§ **GIVEN INFORMATION**:
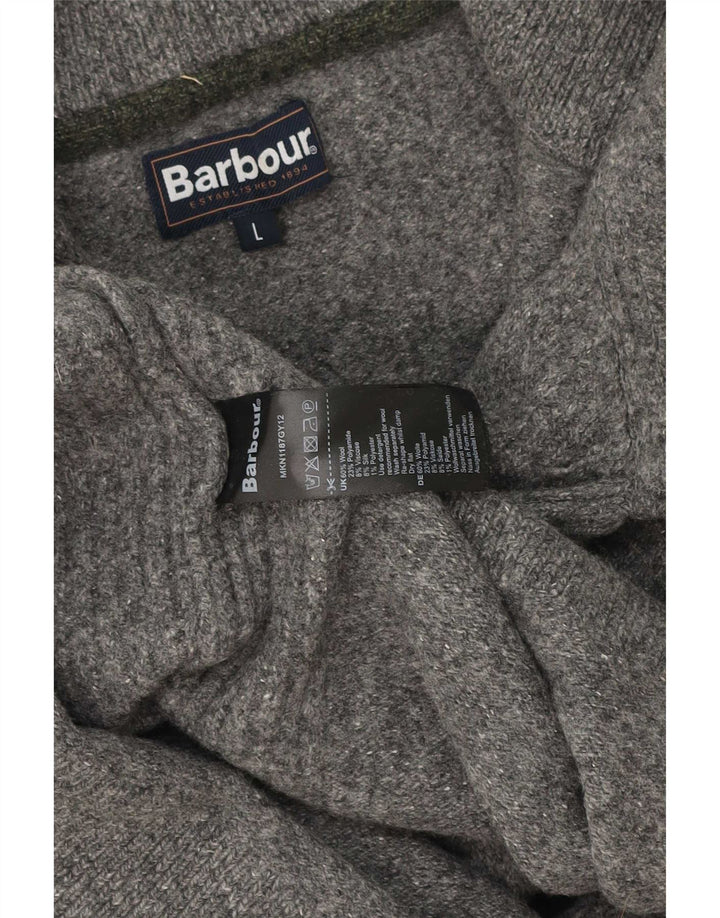 Barbour - Jersey para mujer con cuello y cremallera, talla 40, talla grande, lana gris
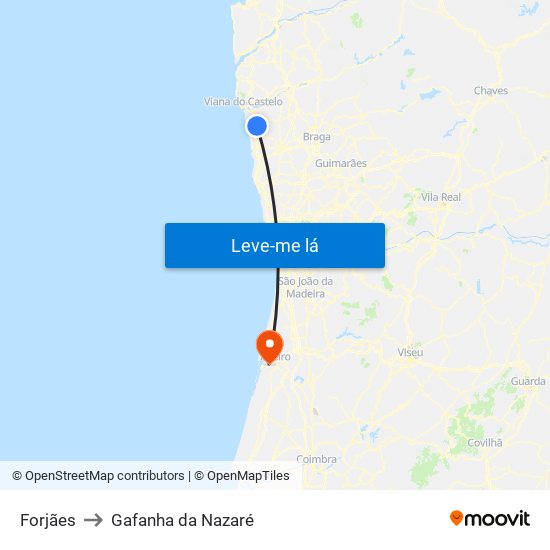 Forjães to Gafanha da Nazaré map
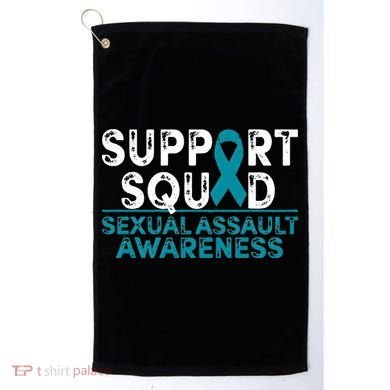 Support Squad Sexual Assault Awareness Month Teal Ribbon Golf Towel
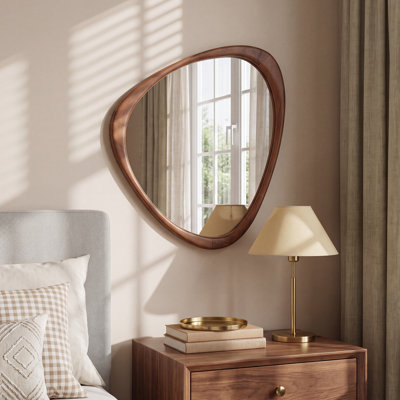 Asymmetrical Wood Framed Accent Wall Mirror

§ **TASK TO COMPLETE**:
Please transcribe the listing above verbatim and exclude every picture.

§ **RESPONSE AREA**:
 Barbour - Jersey para mujer con cuello y cremallera, talla 40, talla grande, lana gris
 Forjães to Gafanha da Nazaré map
 Support Squad Sexual Assault Awareness Month Teal Ribbon Golf Towel
 Asymmetrical Wood Framed Accent Wall Mirror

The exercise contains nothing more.